Expiration of SAN Controller Batteries
N.B. newer SAN firmware (07.35.41.00 or later) alters how the battery state is determined. Please read Determining battery state section below
Like any high-performance RAID controller, the controllers in IBM SANs have a RAM-based write-cache. This allows data to be held in fast RAM before being written to the slower discs and so stops the servers attached to the SAN being held up by disc seeks, etc. Like RAM in a computer, if the power is lost the data held in it will be lost. If this happened, major corruption could occur on the discs as the servers would assume the data was safely on the permanent disc storage. Therefore, the controllers have battery backups that will maintain the data in the RAM for a period of time if the power is lost.
If the batteries fail, the controllers will disable the RAM write-cache leading to a large drop in performance of the SAN. The batteries have a designed lifespan of around 2 years.
By default, the SAN will test the batteries every 3 months.
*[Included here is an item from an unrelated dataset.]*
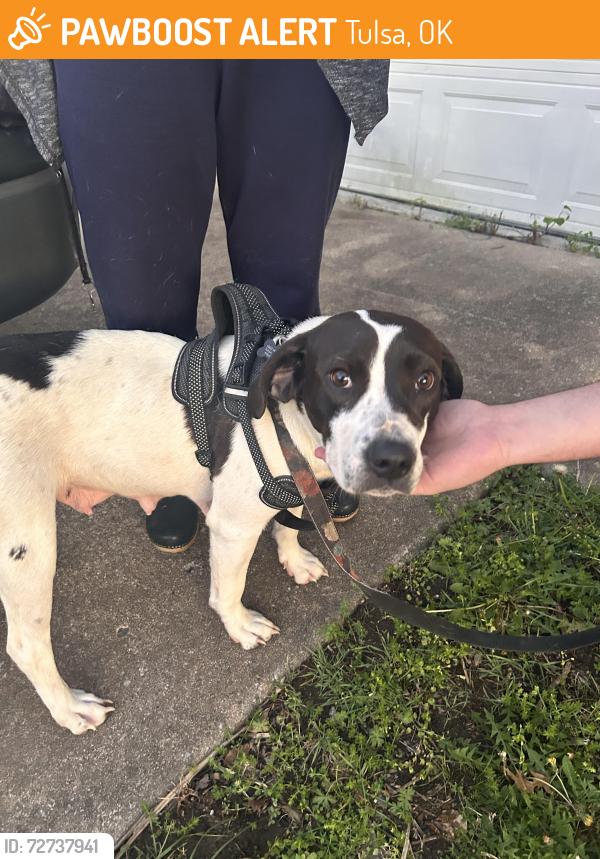 Found/Stray Female Dog last seen 51st and Union., Tulsa, OK 74107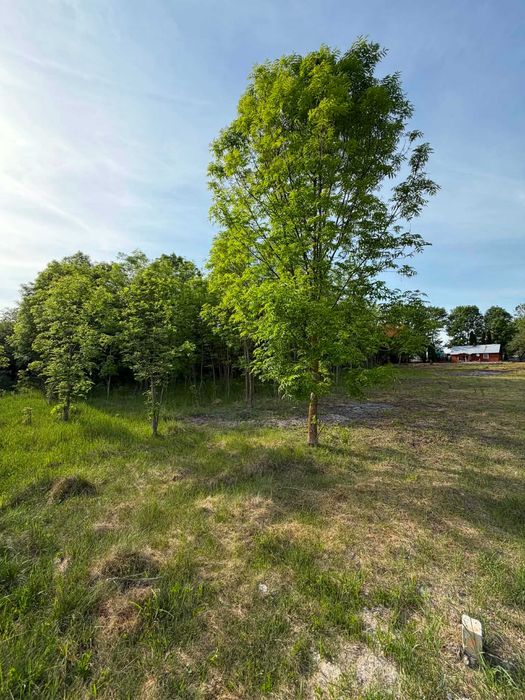 Działka Zamość / Wolica Śniatycka  – 2500 m² | MPZP | budowlana  | media | spokojna okolica - View 2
This involves a complete discharge and recharge, during which the write-cache is disabled (i.e. performance will be impacted) for several hours. For this reason, the so-called learning cycle would not want to be run any more frequently.
N.B. Battery state monitoring is much improved with newer SAN firmware (full documentation here). With firmware of 07.35.41.00 or later, Smart Battery Learn Cycle tracks the actual performance of the batteries and only warns when the battery is no longer able to maintain the up time requirement of 72 hours. If you receive a Defective Battery warning, this warns of imminent failure and the battery should be replaced ASAP.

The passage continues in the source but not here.